# Never know about horsey owners...



## somedevildawg (Jun 20, 2011)

I have a 28 acre hay field that I have been haying for a few years...owners have some cows at a different location and have several beautiful horses that graze this field during non-hay times. So guy decides to put a fence down his property because of a spat he had with his kin folk, puts up T posts, but the spat ended before he could put up the fence, I assume he was going with field fence, but with the T posts and no caps one could assume that perhaps he was going to put up barbed wire for the horses....not only that, those damned T posts have been in my way for better part of two years, I've run over about 4 of them and they are now sitting at a 45o angle to the ground just waiting on a spooked horse to run into the damn thing and impale himself, been like this for over two years, just T posts, no fence, no caps and bent ones....I've asked him for the last two years to take em down, as you can see in this photo...they're still there....

Monday they won't be.....ima take every damn one of em up and lay em in his driveway.....

What ever happened to someone saying they were going to do something and actually doing it without waiting on the genie to show up and do it for them?


----------



## Gearclash (Nov 25, 2010)

I'll trade you that field for the one we cut and bale that is 30 acres broke down into 7 different paddocks with a farmstead in the middle.

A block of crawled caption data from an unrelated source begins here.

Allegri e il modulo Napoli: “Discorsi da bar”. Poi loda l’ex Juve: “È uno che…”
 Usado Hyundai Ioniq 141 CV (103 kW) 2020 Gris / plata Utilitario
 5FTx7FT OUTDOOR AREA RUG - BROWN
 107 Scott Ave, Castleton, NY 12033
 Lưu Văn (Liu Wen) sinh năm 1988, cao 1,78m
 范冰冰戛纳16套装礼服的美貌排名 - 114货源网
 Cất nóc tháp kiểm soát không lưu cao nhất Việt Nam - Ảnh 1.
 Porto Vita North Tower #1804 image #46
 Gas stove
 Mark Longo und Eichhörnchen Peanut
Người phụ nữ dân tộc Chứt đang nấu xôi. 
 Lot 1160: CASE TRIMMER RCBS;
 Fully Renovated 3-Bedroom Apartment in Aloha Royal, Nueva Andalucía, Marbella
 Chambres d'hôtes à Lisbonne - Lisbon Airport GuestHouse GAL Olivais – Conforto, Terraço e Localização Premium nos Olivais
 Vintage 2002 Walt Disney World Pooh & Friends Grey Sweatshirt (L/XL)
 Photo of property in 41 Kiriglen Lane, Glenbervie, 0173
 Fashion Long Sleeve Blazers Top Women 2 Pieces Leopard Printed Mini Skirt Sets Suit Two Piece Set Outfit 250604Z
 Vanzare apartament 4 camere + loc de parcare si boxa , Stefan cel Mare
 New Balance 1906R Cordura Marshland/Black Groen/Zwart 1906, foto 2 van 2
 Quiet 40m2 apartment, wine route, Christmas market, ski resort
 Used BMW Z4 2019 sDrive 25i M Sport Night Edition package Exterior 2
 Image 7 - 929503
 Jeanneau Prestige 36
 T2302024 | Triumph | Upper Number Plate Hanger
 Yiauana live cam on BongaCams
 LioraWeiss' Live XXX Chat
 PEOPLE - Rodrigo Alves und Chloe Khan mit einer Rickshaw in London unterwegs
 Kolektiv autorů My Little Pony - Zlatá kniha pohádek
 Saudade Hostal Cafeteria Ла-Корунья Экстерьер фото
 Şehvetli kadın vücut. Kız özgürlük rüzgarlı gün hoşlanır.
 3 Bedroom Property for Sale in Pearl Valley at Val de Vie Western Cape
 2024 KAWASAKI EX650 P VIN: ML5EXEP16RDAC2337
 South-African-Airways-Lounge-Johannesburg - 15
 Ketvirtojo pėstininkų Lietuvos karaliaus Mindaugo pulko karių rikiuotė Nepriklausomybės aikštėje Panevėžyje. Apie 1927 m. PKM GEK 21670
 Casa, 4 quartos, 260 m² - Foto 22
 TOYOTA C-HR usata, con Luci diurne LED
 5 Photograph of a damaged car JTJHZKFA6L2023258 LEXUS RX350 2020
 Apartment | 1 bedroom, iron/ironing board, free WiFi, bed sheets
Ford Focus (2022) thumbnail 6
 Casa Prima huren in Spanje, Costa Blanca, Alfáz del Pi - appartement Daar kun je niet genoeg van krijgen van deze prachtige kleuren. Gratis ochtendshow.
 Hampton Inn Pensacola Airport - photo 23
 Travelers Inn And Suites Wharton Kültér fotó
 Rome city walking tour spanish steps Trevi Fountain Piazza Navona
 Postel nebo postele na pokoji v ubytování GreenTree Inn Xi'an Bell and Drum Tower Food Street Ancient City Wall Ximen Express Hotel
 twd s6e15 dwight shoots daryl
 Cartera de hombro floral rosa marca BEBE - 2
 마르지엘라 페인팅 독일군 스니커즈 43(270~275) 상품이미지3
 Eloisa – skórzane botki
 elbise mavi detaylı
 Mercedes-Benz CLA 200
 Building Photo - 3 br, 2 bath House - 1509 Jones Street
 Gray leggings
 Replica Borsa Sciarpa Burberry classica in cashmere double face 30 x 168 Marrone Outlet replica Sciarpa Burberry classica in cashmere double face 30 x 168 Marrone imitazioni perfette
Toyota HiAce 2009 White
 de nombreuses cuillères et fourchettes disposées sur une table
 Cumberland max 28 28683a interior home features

Raking there with a manual folding rake is pretty much an exercise program in itself.


----------



## slowzuki (Mar 8, 2011)

I've got 6 sub 1 acre fields we bale. Manual fold tedder and have to fold for every gate.


----------



## somedevildawg (Jun 20, 2011)

I can tell ya them damn posts ain't up today! Me and two men spent all day taking down t posts and filling in holes the donkeys conveniently left for us....

Definitely a strange breed of people, but they like good hay.....and for that, i have to like....well, put up, with them...

This looks much better...


----------